Premium Rush review: New York Has Never Looked Less Fun to Drive In

Joseph Gordon-Levitt will return later this month in the sci-fi film, Looper

Premium Rush is the latest movie to star Joseph Gordon-Levitt in what is perhaps the peak of his career. Having been in about four movies a year since 2008, this peak is incredibly long lasting, and has the potential to mark him as one of the most iconic actors of  the decade. Of the four he’ll be in this year, this is the one that seems to stick the most closely to his roots. It’s the cheapest, uses a quirky brand of humor, and has the largest potential to surprise people due to its unique concept. His role as Officer Blake in The Dark Knight Rises, was his ascension to “giant movie action star” status, while his role in Looper and critical part in Steven Spielberg’s Lincoln have the potential to keep him in hot demand for the rest of his life. That’s all fine and fantastic but, of the four, I suspect Premium Rush is the only one that needs his presence to do well, and is thus the one we need to pay attention to the most. Lincoln will do well regardless of who stars in it but, without his star power, Premium Rush doesn’t have a chance.

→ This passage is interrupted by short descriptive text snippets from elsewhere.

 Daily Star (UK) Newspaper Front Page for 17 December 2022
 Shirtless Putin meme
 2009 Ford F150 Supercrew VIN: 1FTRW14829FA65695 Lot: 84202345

Luckily, he does well. If anything, his role in this movie has convinced me of his adaptability to any role. To some, playing a bike messenger might mean going to the gym a few times to ride a bike well enough when he’s required to (leaving a double to do the rest). To Joseph, however, playing as Wilee seems like more of  chance to show off how fit he is for the role. He does most, if not all, of his own stunts, and looks like the type of guy you’d expect to see in a New York marathon. His dedication to the craft pays off during the credits, where we’re treated to a small video showing the aftermath of an incident on set where he crashed into a cab and gashed his arm open.

Joseph leads a cast that acts solidly across the board with what they’re given. I say this, because the script commits the cardinal sin of having each character exist only to push him in this direction, give him that plot key, and help (or hinder) him in these ways. Any problem or subplot they have can be directly traced to Wilee in some way, making him the center of the movie’s world. As a result, they generally fade out of view despite the good amount of screen time they all get. They don’t really matter – all they do is interact with the lead.

Michael Shannon also stars as a shady cop with a silly laugh, and that’s all  you need to know

The only character that has any considerable depth to her is Nima (Jamie Chung), and even then it is a two-pronged sort of characterization. We are told she’s an Chinese immigrant in America on a student visa, and, later, that she’s trying to bring her son over from China. This is all we ever learn, and subsequently are led not to care about. After all, the only reason these things are important is because they set the plot in motion. This is not the sort of movie to focus on emotional depth – if Nima did what she did in order to pay her landlord back-rent, the movie would not change at all. What matters is how it affects Wilee.

Surprisingly, this movie is written and directed by noted screenwriter David Koepp, co-writer of the first two Jurassic Park movies, as well as the first Spider-Man, and the excellent Panic Room. All of these movies, even The Lost World, have better character interactions than Premium Rush does. Even Koepp’s last film Ghost Town, did more to make the characters come alive and make it seem like they had their own things to do. I suppose this can be explained by the fact that the entire movie takes place during one afternoon, leaving little room for broad characterization. But even then, I’d expect a noted screenwriter like Koepp to make us care even in those time constraints.

Now, in terms of cinematography, this movie does the best it can to make New York City look fantastic, and particularly on the streets and the people who cross them every day. It seamlessly transitions between a GPS version of Long Island and a real life view during high speed chases and accurately depicts the cramped, exhilarating feel of riding a bike on the streets through heavy traffic. The action is framed well, and there are a few impressive effects that highlight Koepp’s directing skills. However, I do not think this is meant to be the highlight of the film.

If you’re curious,  Joseph’s Don Jon’s Addiction, which he wrote, directed, and stars in, releases next year

I understand I gripe a lot about some things that may not matter to some people. Some moviegoers might just want to see a chase movie, and not  care that the characters are as paper-thin as the messages they courier. Fans of Joseph Gordon-Levitt and bike enthusiasts who see it will have a good time. When it comes down to me, I like the idea behind this movie. It’s an interesting direction for the chase/heist genre. But it just needs more substance to make those ideas take root and to make me care.